The following sections detail the technical requirements and specifications of our setup.
- Raspberry Pi 3
- openSUSE Tumbleweed raspberrypi3 aarch64 2019.05.17 image
- TensorFlow 1.13.1 from the science:machinelearning repository in the Open Build Service (OBS)
Artificial Intelligence (AI) Components
- Pre-trained Connectionist Text Proposal Network (CTPN) neural network model of oriented text detection in a natural scene (For more details, please read https://www.suse.com/c/machine-learning-oriented-text-detection-from-natural-scene/)
- Baidu optical character recognition (OCR) service
Upper Computer Component
- Arduino UNO R3 plus Grbl firmware
- CNC Shield V3 Expansion Board (1x)
- A4988 stepper motor driver module (2x)
- NEMA 17 stepper motor (2x)
- Servo motor (1x)
- Camera (1x)
- Limit Switch (2x)
- Plain shaft with slider (2x)
- Threaded shaft with coupling & nut (2x)
- Aluminum alloy plate
1. Prepare your questions for the mathematical computing on a piece of paper.
2. The AI pen plotter takes a picture through the camera and resizes it to 1280 * 1690, like in the example below:
— Neural Network Job START—
3. The picture will be handled by the pre-trained CTPN neural network model on the Raspberry Pi 3 to figure out where the text is and to record the relative positions.
4. A script will perform a couple of screenshots according to the positions and send these sub-pictures which include the text to the Baidu OCR service. See the example below:
5. The Baidu OCR service processes these sub-pictures. Then it recognizes and returns the text.
— Neural Network Job DONE—
6. A script checks the returned text, searches for keywords, and tries to understand the questions. Then it starts to parse the questions and generates the process to create a picture. See the example below:
7. A script calculates the relative positions and converts the picture into a gcode file, as in the example below:
8. Run the command <gcode sender> to send these gcode instructions to the upper computer.
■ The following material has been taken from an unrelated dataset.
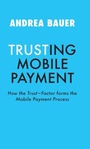 Cover: TRUSTING MOBILE PAYMENT - tredition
9. The Grbl firmware generates the step and direction signals according to the gcode instructions and hands them on to the CNC Shield V3.
10. The CNS Shield V3 controls the linear XY motion with the stepper motor and the movement of the pen (up/down) with the servo motor.
If you want to see a live demo of what is described above, just have a look at the videos below.
As you can see, to process a picture of this size which contains only one short mathematical question, the time consumed is around 11 minutes. It is very likely that the time consumed for the entire process can be reduced by 50 percent, if the code is changed and sends the text detection job to ‘cloud’ instead of to the native Raspberry Pi 3, or if you use Raspberry Pi 3 with Neural Compute Stick(s) for accelerating the inference. But this assumption still would have to be proven :-).
Thank you very much for your attention!